Soleil Blanc by Tom Ford. We’ve become slightly obsessed by Mr Ford’s Private Blend collection, having been talked through it by his team last month. Our weakness here at WWP is patchouli based scents, and Mr Ford does patchouli very well. This summer addition to his Private Blend range is like a very expensive holiday in a bottle; think private, sun-drenched tropical island beach (private, obvs), luxury loungers, a handsome waiter on hand bringing coconut based cocktails to your side, the gentle whiff of expensive sun tan cream and the promise of a stylishly good time.
Soleil Blanc is all of that, a creamy. dreamy amber base that evokes hot skin and ambiguous (but probably very expensive) florals. There’s patchouli in there somewhere too, we just know it. A very good summer smell indeed, I can’t help thinking this might be the perfect honeymoon scent and of course, good for men and women alike.
Coeur De Noir by BeauFort London. We interviewed BeauFort’s founder Leo Crabtree recently, his new range of dark, uncompromising, adventure-story led fragrances from the Come Hell Or High Water collection have been a delightful discovery. All three fragrances offer grown up men (and women) a chance to plunder their school-kid dreams of sailing into battle aboard HMS Trafalgar or risking life and limb and pirates on the Trade Routes of old. Notes of thunder, birch tar, smoke, gunpowder, rum and pipe tobacco abound in 1805 Tonnerre and Vi Et Armis, but it is the quieter, inky-based Coeur De Noir that has our hearts.
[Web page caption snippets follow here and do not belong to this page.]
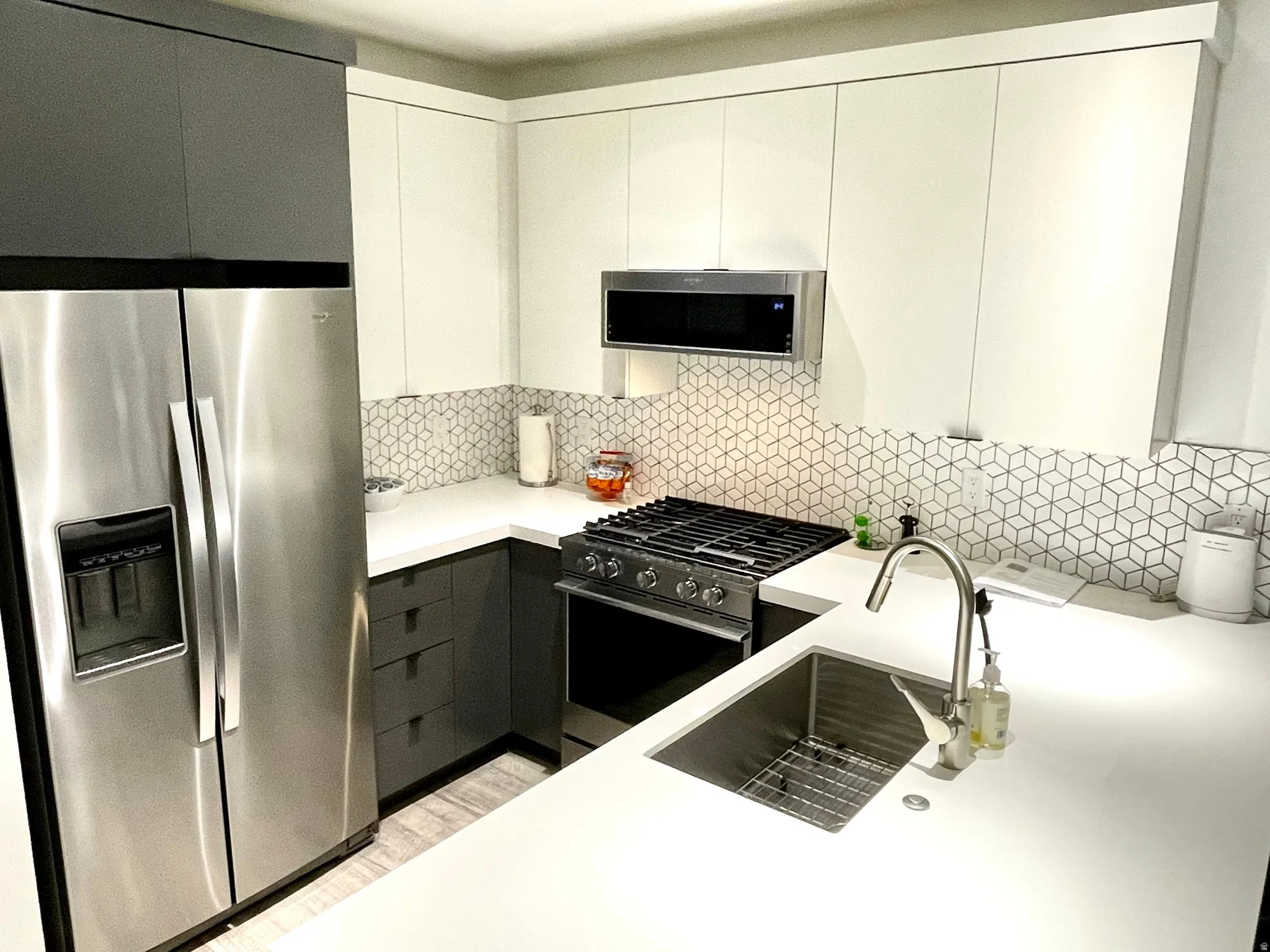 Modern kitchen featuring a stainless steel side-by-side refrigerator, white solid surface countertops, a mosaic tile backsplash with geometric pattern, two-tone cabinetry with white upper and dark lower units, and a stainless steel undermount sink with a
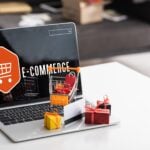 Toy gift boxes and credit card on laptop with e-commerce lettering on table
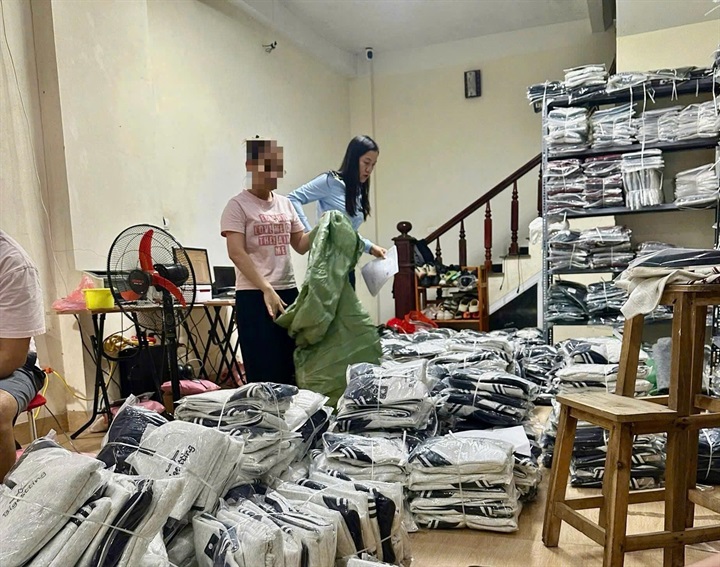 Lực lượng QLTT số 13 kiểm tra số hàng hóa có dấu hiệu giả mạo nhãn hiệu Adidas tại cơ sở kinh doanh. Ảnh: QLTTHN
Leo used his own tattoos, his grandfather’s pen drawings of luxury yachts and his dad’s library of nautical books as inspiration here, mixed with notes of vanilla, rum and warm amber. We’re not the only ones to love it, Coeur De Noir was nominated for Best New Independent Fragrance in the Fragrance Foundation’s 2016 awards.
Féminité du Bois by Serge Lutens. This fragrance came to our attention recently as a scent of some importance, in terms of fragrance history. Originally created by Mr Lutens as part of his first collaboration with Shiseido, the scent was considered ground breaking on its launch in 2009, due to its tough-feminine angle, a flora with a woody, fruity, spice angle that was a long way from the traditional view of a ‘feminine scent’. Now the fragrance lives in Serge Lutens’ own collection and has risen to almost mythical status as a best seller and star performer.
We love it because it is beautiful; slightly spicy and fruity on the first blast, but as if inhaled through a fine muslin veil. It is understated, elegant and subtle, warming on the skin into a honeyed cedar wood shot through with the vague-est hint of floral. We also love the gothic violet colour. If you were thinking of darkening your collection with a warm, spicy scent, start here.
La Belle Otero by Les Cocottes de Paris. There is something deeply appealing about the darker nature of the velvety violet, such a tiny flower in real life packs such a punch in olfactory terms.
This is another slightly gothic floral, a quirky mix of orange blossom, pear and lavender, beefed up with a punch of sexy violet and iris, then shot through with absinthe. Over the top of this unexpected mix is a whimsical dusting of authentic narcissus, the whole adventure is then grounded with frankincense (and we swear patchouli, but maybe it’s just us). Mad as it sounds, it comes together in a gorgeous warm mischievous fug of vintage, spicy violet that we find intoxicating and original, We feel a bit Eva Green in Penny Dreadful wearing it.